I’ve spent my adult life in the American West, and have always been drawn to its emptiest and least-loved places, so that’s where I started looking.

The solution: Closed-loop pumped hydroelectric storage, far from any existing watercourses—conventional in most respects, but with reservoirs consisting of polymer-lined earthen canals with floating covers, situated along contours (lines of constant elevation).
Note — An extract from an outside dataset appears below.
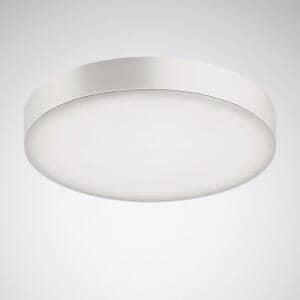 Trilux Rundes LED-Anbau-Downlight Onplana D11 OTA25 3000-830 ET, weiß (6982940)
I call this Encapsulated Pumped Storage (EPS).

Why canals on contours? (1) the need for flat land or dammable canyon topography is eliminated; (2) construction is fast, using common excavation tools and techniques; (3) embodied carbon is extremely low; (4) the system can start small and be expanded incrementally; (5) design is standardized, for economy of scale and cost improvements over time.

Why covered canals? (1) the cover, by preventing evaporation, allows operation in hot, dry deserts, while reusing a one-time water allocation indefinitely; (2) that, in turn, opens up sites that have no competing economic uses, and which are on the more easily developed end of the spectrum of ecological, cultural, and other non-monetary values.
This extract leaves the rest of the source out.